What is needed is an exact reproduction of the lines in the records below, starting at the line with "Giá để Pipet" and ending at the line with "Produktbild: Tommy Hilfiger", both included, and nothing else; pictures stay out.

▶ Given records
══════════════════════════════

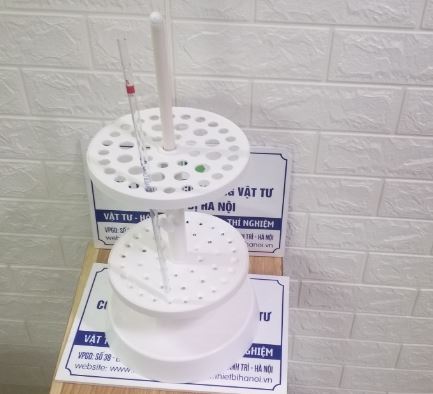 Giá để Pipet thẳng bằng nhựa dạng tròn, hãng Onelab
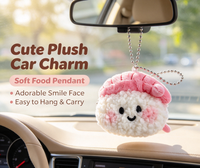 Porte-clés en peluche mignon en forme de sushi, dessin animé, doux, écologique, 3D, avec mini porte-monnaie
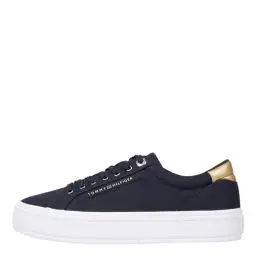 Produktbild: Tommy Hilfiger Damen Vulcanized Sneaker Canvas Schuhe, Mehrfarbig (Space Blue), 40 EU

══════════════════════════════

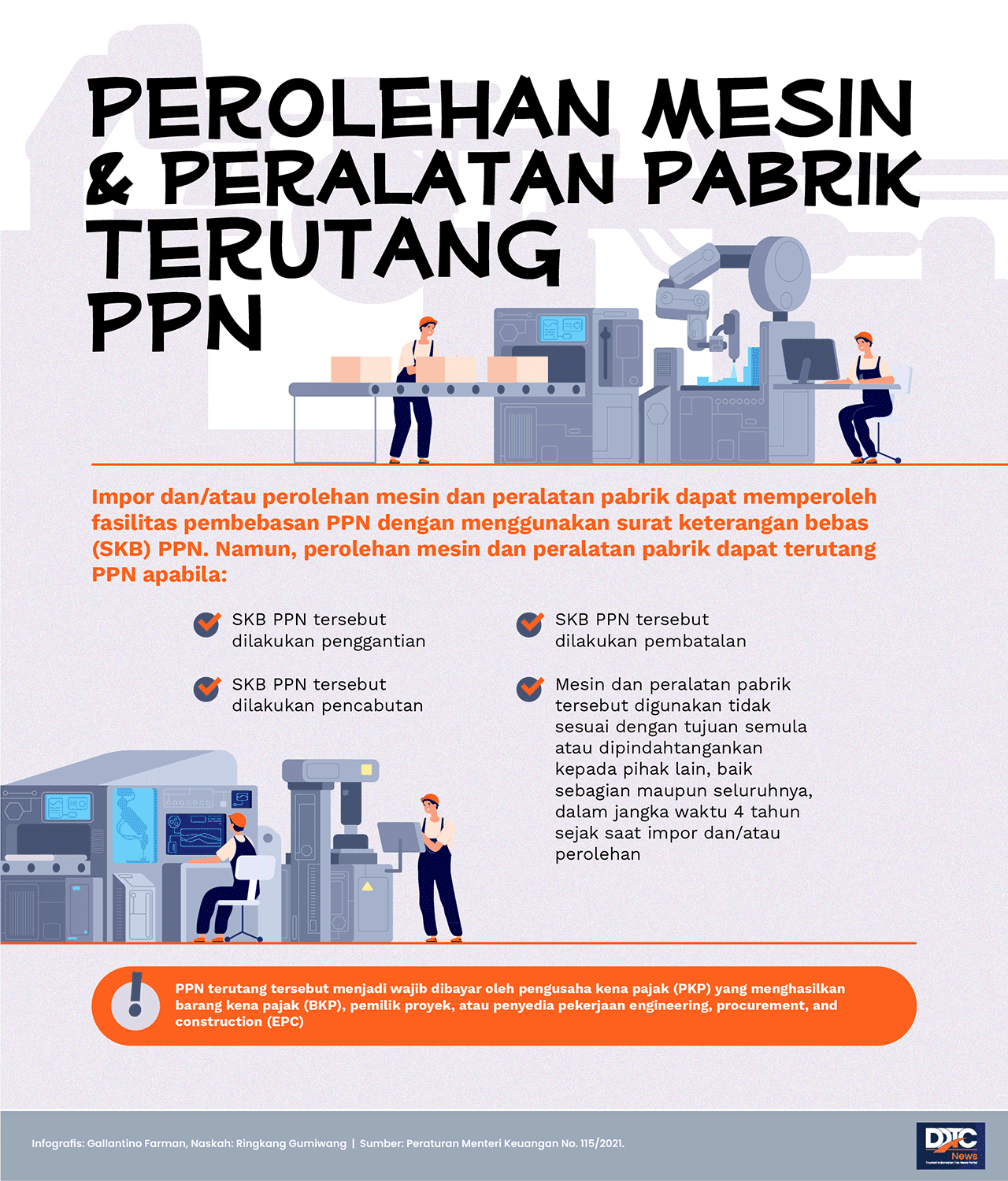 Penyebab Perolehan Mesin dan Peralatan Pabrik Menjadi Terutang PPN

══════════════════════════════

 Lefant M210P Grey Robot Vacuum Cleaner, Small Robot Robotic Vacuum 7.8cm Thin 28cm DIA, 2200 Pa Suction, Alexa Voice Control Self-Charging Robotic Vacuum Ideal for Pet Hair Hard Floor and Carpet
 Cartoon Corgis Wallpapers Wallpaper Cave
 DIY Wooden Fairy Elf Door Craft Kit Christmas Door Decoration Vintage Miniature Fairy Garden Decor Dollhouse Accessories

══════════════════════════════

▶ Answer to this task
 Giá để Pipet thẳng bằng nhựa dạng tròn, hãng Onelab
 Porte-clés en peluche mignon en forme de sushi, dessin animé, doux, écologique, 3D, avec mini porte-monnaie
 Produktbild: Tommy Hilfiger Damen Vulcanized Sneaker Canvas Schuhe, Mehrfarbig (Space Blue), 40 EU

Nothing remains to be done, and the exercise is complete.